Nur 8 Prozent der Befragten sehen dies anders, dazu sagte zum Beispiel EZB-Direktorin Isabel Schnabel in der ersten Maiwoche dem Handelsblatt, dass der Markt von der Europäischen Zentralbank eine Zinserhöhung bereits im Juli die Zinsen erwarte. Die Andeutungen von EZB-Ratsmitgliedern werden zunehmend deutlicher. Es reiche nicht mehr zu reden, man müsse handeln.

Die Umfrageergebnisse zeigen, dass sich der deutsche Finanzsektor, beziehungsweise 88 Prozent der hier Befragten, dieser Aussage anschließe, so Hubertus Väth, Geschäftsführer von Frankfurt Main Finance.

US-Dollar als Reservewährung

Die Ukraine-Krise könnte perspektivisch auch Auswirkungen auf die Rolle des US-Dollar als Reservewährung (derzeit circa 59 Prozent der weltweiten Devisenreserven) haben.
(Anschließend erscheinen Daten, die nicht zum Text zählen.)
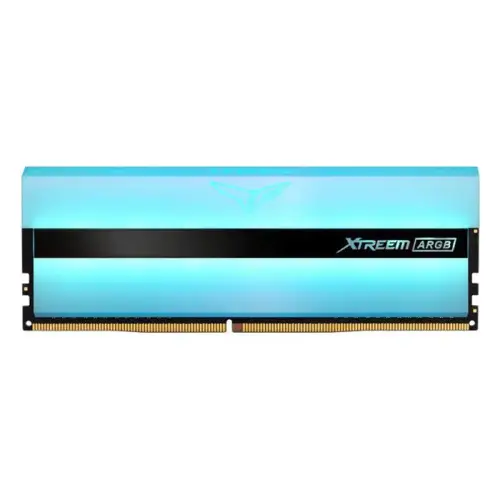 Team T-Force Xtreem ARGB White 16GB (2x8GB) 3200MHz CL16 DDR4 Gaming Ram (TF13D416G3200HC16CDC01)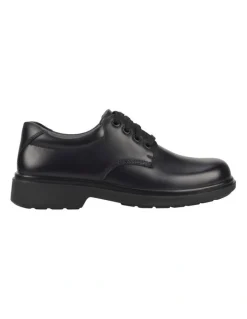 Harrison Daytona Senior School Shoe in Black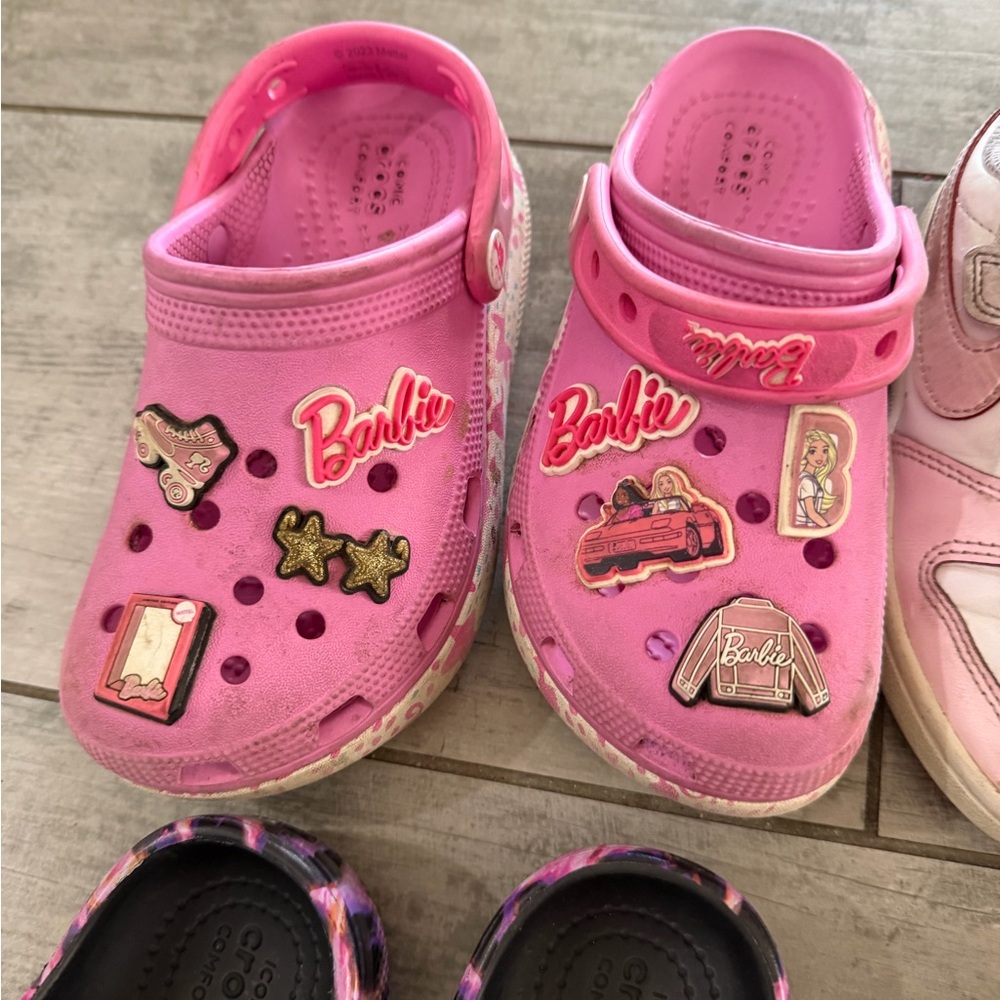 Vans Kids Glitter Ombre Slip-On Sneakers in Pink & Orange Bundle 11-13.5 - Picture 9 of 10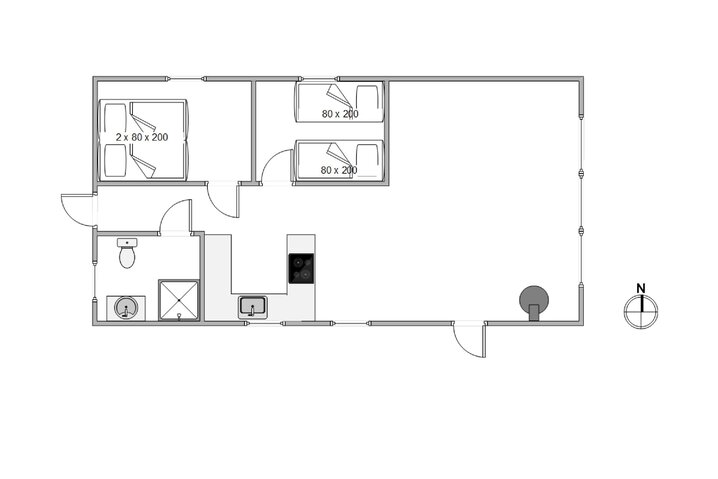 Ferienhaus i6381 in Nordsøvej 132, Søndervig - Bild #13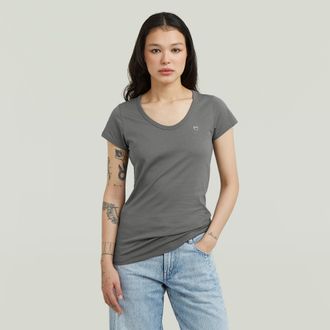 G-Star Slim T-shirt - Grijs - Dames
Bei dieser Frage zeigt sich ein geteiltes Meinungsbild. 41 Prozent der Befragten gehen davon aus, dass die Bedeutung des US-Dollar als Reservewährung durch den Krieg weiter zunehmen wird.

Etwa 43 Prozent erwarten keine Auswirkungen der Ukraine-Krise auf die Bedeutung des US-Dollar als Reservewährung. Hubertus Väth erklärt, dass die Umfrageergebnisse ein unverändertes Vertrauen in den Dollar als Reservewährung zeigten. Mit einem Blick in die Vergangenheit sei dies auch gerechtfertigt: Der Dollar habe bislang noch jede Herausforderung überstanden, so Väth abschließend.